▶ [WORK REQUIRED]: Set down exactly the lines below between the line holding "11815 Canyon Mills" and the line holding "Die Orlando Magic", inclusive; no other line belongs in the answer.

------ INFORMATION GIVEN ------

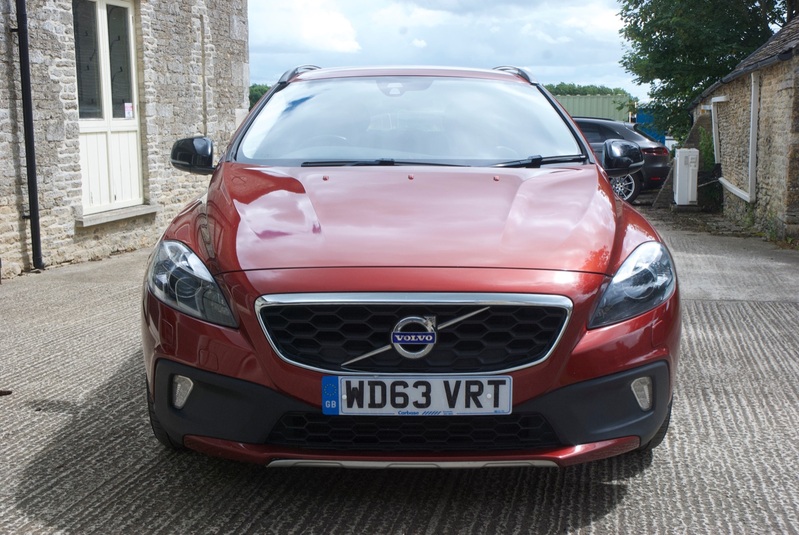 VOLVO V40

------
------ INFORMATION GIVEN ------

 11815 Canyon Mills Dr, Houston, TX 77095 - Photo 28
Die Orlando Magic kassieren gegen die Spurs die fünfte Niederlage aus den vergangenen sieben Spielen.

------
------ INFORMATION GIVEN ------

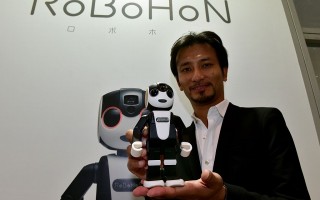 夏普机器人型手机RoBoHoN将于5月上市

------

▶ [RESULT OF THE TASK]:
 11815 Canyon Mills Dr, Houston, TX 77095 - Photo 28
Die Orlando Magic kassieren gegen die Spurs die fünfte Niederlage aus den vergangenen sieben Spielen.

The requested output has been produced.